Breathtaking. I can’t think of a better way to describe my first impressions of the Wachau Valley. I spent the day making my way from Vienna to Dürnstein, my home base for the next five nights. And the scenery along the way was nothing short of spectacular.

It was bittersweet leaving my hotel in Vienna this morning. I know I have a lot more to see in Austria, but I also loved Vienna. I went for a short walk near my hotel this morning before heading to the airport to pick up a rental car for the rest of my trip. I successfully navigated the rental car process at the Vienna Airport, thanks to the helpful gentleman at the rental car counter and an automatic car with built-in GPS that was already set to English. It wasn’t long until I was driving the A22 Autobahn out of the city. The Wachau Valley is about an hour’s drive west of Vienna and encompasses the Danube River Valley between Melk (to the west) and Krems (to the east). It is known for its many wineries and apricot orchards. Many people visit the Wachau Valley as a day trip from Vienna, but I want to see it all and will be spending the whole week here.
My first stop of the day was in Krems, about 50 miles outside of Vienna. Once I found a parking spot and figured out the parking meter (by watching someone else use it first), I walked a short distance to Steiner Tor, one of the original town gates that dates back to the 15th century.
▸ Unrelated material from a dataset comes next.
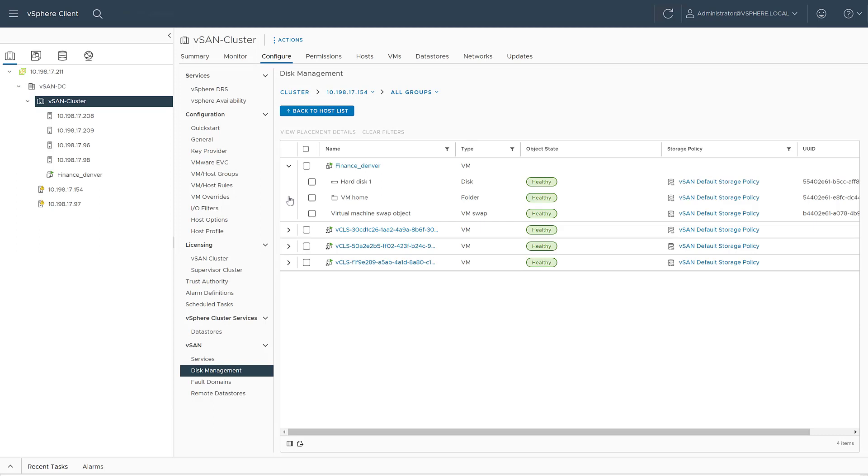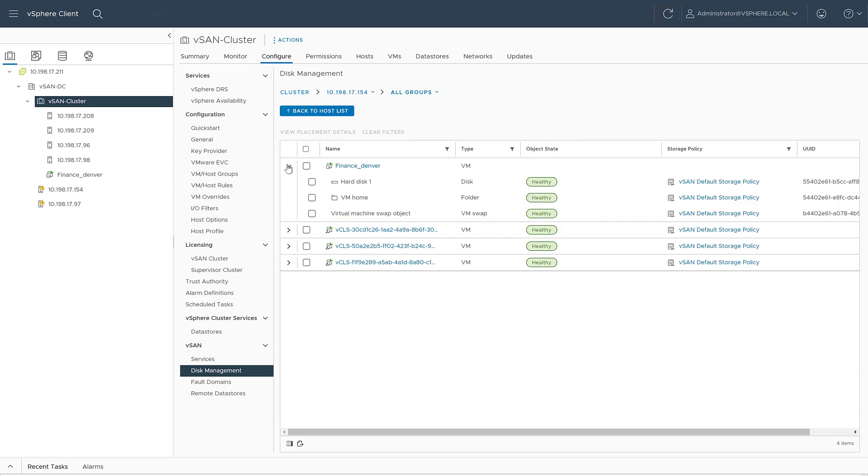For starting point, we are going to verify if the VM objects are healthy. As we can see, the object status is healthy, meaning that they are in compliance with their current policy and they are resilient.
I stopped at the tourist information center to ask about a café for a snack and was directed to Ulrich Das Stadtcafe, with a nice patio just next to the Steiner Tor. It was there that I had my first apple strudel of vacation. Both it and the hot chocolate were fine, but they didn’t exactly wow me and certainly weren’t memorable.

I had picked up a walking guide from the tourist office and pretty much followed that around town. It took me past old markets, churches, and down the main shopping street, the Landstrasse.
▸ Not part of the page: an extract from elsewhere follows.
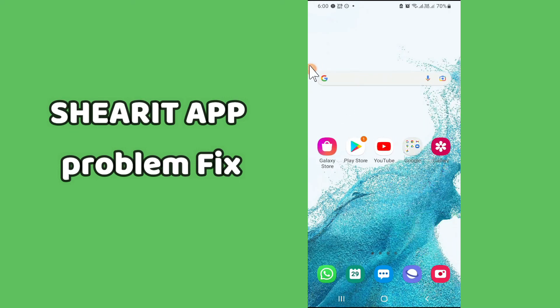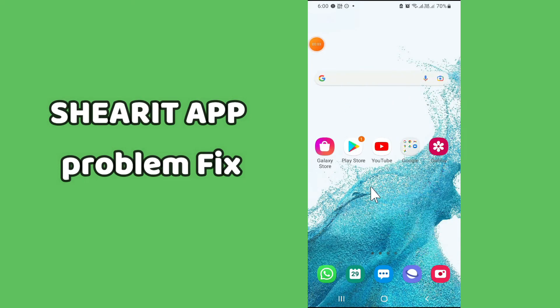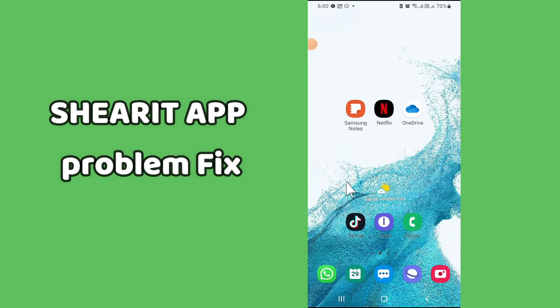In this video, I will tell you about the most used app Shareit in your device, Samsung or any other device.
I took a small detour to the south when I left Krems in order to visit Gottweig Abbey. I was prepared to pay the admission fee, but it turns out you only need to pay to visit the museum. You can visit the Abbey and wander the grounds for free. The Abbey is perched high up overlooking the Wachau Valley and can be seen from miles away. The church was filled with baroque ornamentation and like most other churches I’ve visited here, every part of the church was painted with great detail.


The village of Dürnstein is situated about halfway between Krems and Melk and just by looking at pictures, I knew I wanted to stay here. My hotel (Gartenhotel Pfeffel) is just outside of town, surrounded by vineyards, and overlooking the Danube. Were it not for the lack of air conditioning, it would be perfect.


I decided to walk into town to find some food. My hotel is about 10 minutes away by foot with a sidewalk the whole way. The sun had come out and the lighting was perfect for some pictures along the way.

I resisted Googling “best restaurants in Dürnstein” and decided to just walk around until I saw something appealing. Being a small town, with a population of less than 1,000, the options were limited. A sign caught my eye pointing to Alter Klosterkeller, and I recognized it from my list of places to try that I compiled before I left home. The name literally translates to “the old monastery cellar”. The restaurant patio and tables are situated right in the small vineyard and you can look out across the vines to the other side of the valley while you eat. I was adventurous with my meal, eating a spicy paprika chicken with spaetzle and ending with a marillenknödel, a specialty of the area, which is an apricot dumpling. Both the food and the setting were incredible and it was one of those evenings I didn’t want to end.



I savored the walk back to my hotel and decided that if the only thing I do for the next five days is wander around this town and enjoy the views along the way, I will be quite happy.